В немецкой теории была предложена оппозиция интимности (искренности, аутентичности) новой демократии против навязанной публичности, «сделанного» (= лживого) пафоса национал-социализма. Тихие спокойные монотонные голоса моделировали иной тип коммуникации – доверительной, интимной, сосредоточенной, образующей некое сообщество (признаком которого мог стать и способ произнесения слова «коммунизьм» и неправильное ударение в слове «начать»). Эти прилагательные принадлежали к дискурсивному словарю «оттепели», соединяясь с понятиями правды и искренности. Но как приложить это объяснение к американскому обществу в разгар холодной войны? И можно ли при помощи этой культурологической модели описать дальнейшие перемены голосовых масок? Может ли голосовая норма быть описана внутри бинарной оппозиции «публичный голос» (патетический, экстенсивный, громкий, искусственный) и «интимный голос» (доверительный, искренний, интенсивный, тихий) и можно ли вообще говорить об одной норме? Мы различаем голоса бытовые и официальные (няни и политика), профессиональные (врача, педагога, диктора радио и телевидения, актера кино и театра, певца оперного и эстрадного). Прислушиваясь к ним, можно понять, что внутри одного общества существует довольно широкий диапазон разноголосия.
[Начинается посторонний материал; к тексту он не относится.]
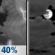 Tuesday Night: Scattered Showers And Thunderstorms then Mostly Cloudy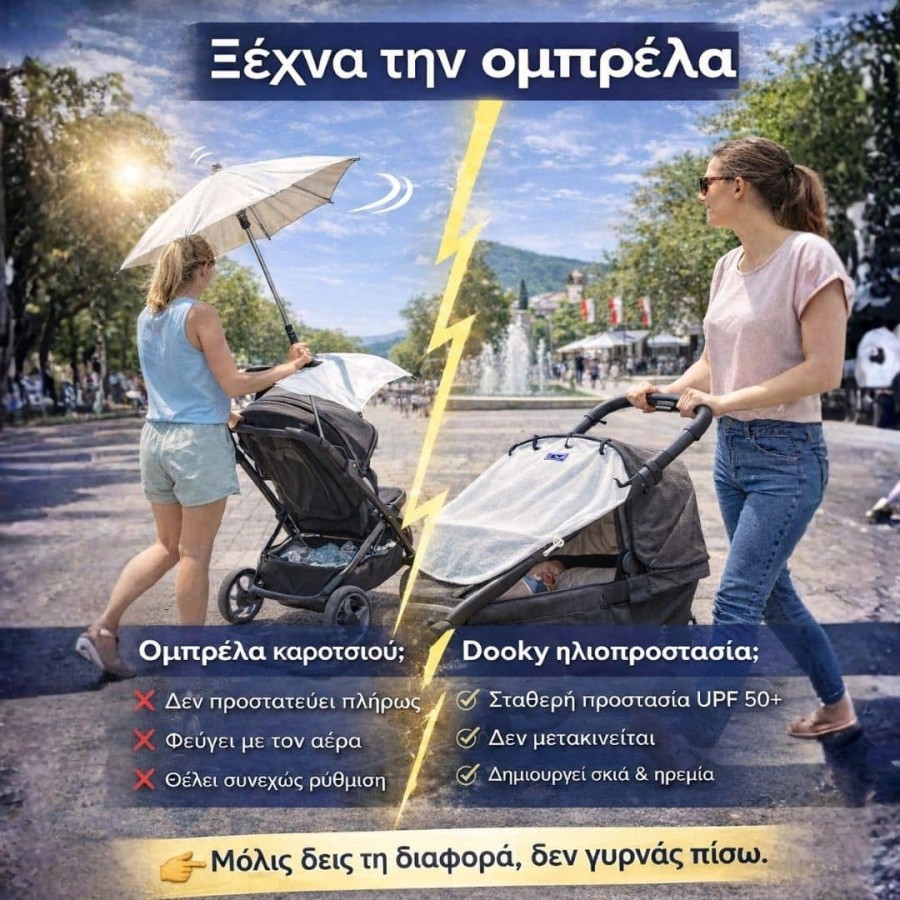 Ηλιοπροστασία Καροτσιού με Προστασία UPF50+ Dooky Miffy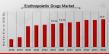 Erythropoietin Drugs Market Poised for Massive Growth, Projected to Hit $24.6 Billion by 2032 at 9.68% CAGR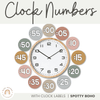 CLOCK NUMBER LABELS | SPOTTY BOHO - Miss Jacobs Little Learners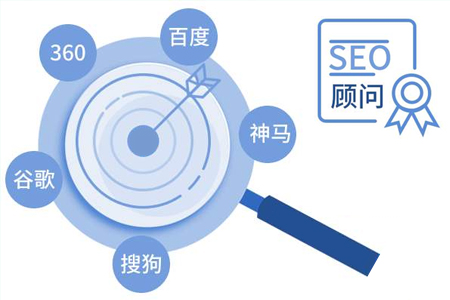 保山做網站,保山seo優化,保山關鍵詞排名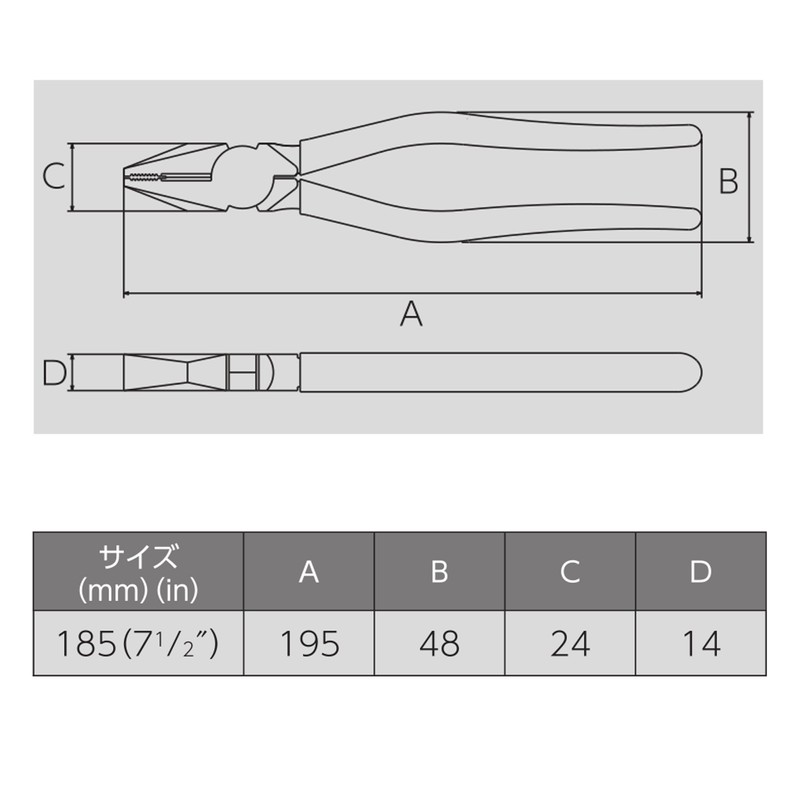 Victor 265AK-185 265AK-185 Strong Pliers (with Molded Cover), Offset Lever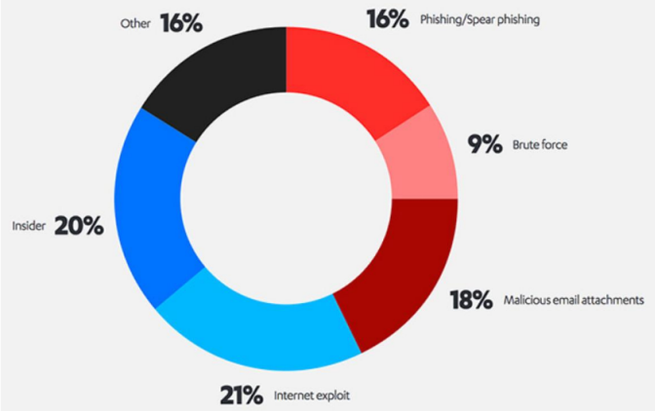 How to Avoid Being Hacked by Email and Measures to Protect Ourselves ...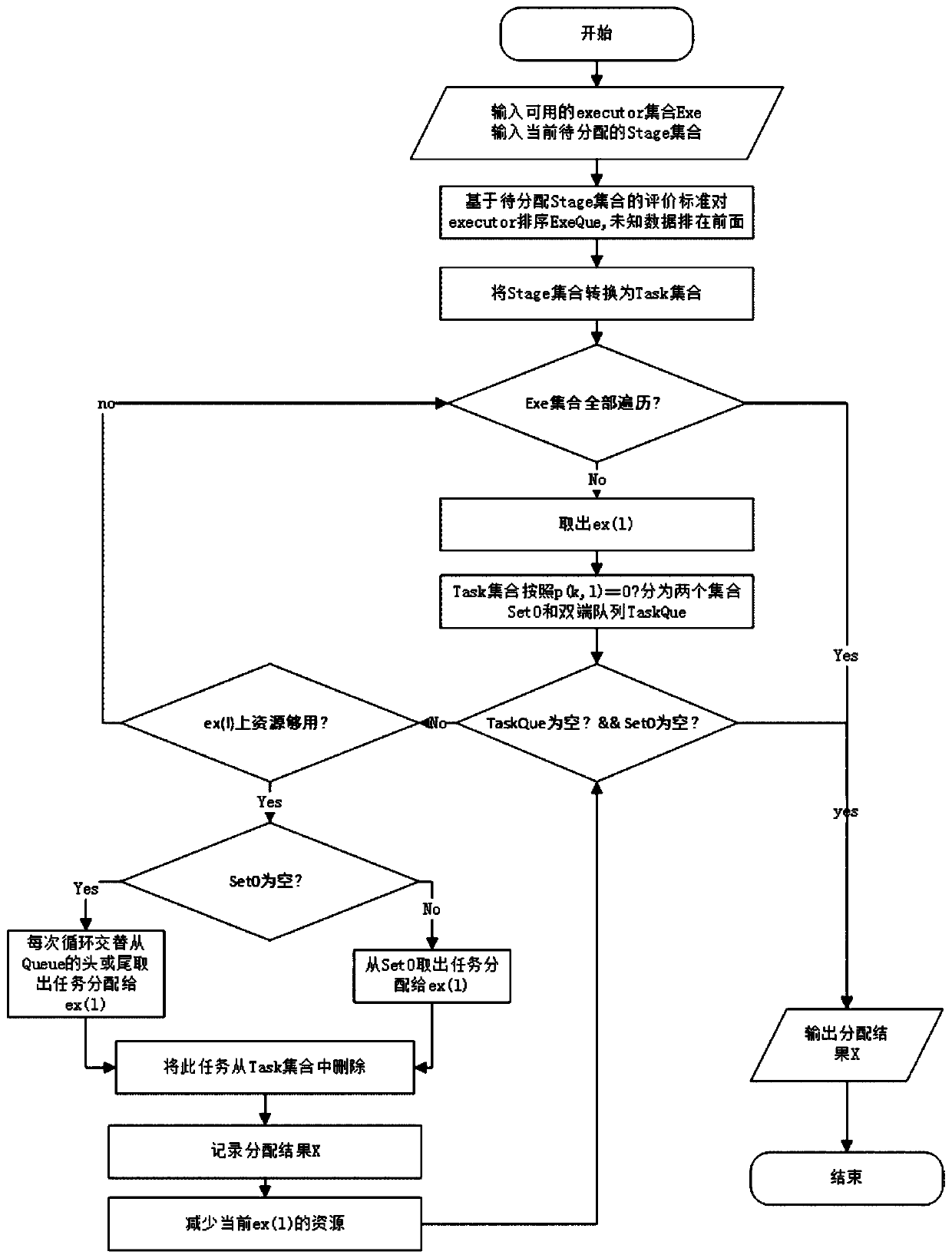 A Spark energy-saving scheduling method based on energy consumption awareness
Примеры из советского или американского обществ конца 50-х – начала 60-х годов поражают этим разно– и многоголосием с меняющимися доминантами. Голос власти стал в СССР характерным, телесным, индивидуальным, несущим следы возраста, болезни, привычек, как это было с голосом стареющего, больного, теряющего голос и с трудом артикулирующего Брежнева, что породило слухи о том, что у него рак челюсти. Смену голосовой нормы можно интерпретировать как феномен социокультурной истории, моды, актерской техники, стиля, но и как последствия более совершенной техники звукозаписи. В 50-х годах именно технические параметры – новые микрофоны, пленка, фильтры, динамики, которые всегда способствовали обновлению звучания голоса не только на экране, но и в заэкранной реальности, – подкрепляют культурологическую герменевтику необходимой материальной поддержкой и указывают на новый этап в отношениях натурального и электрического голоса.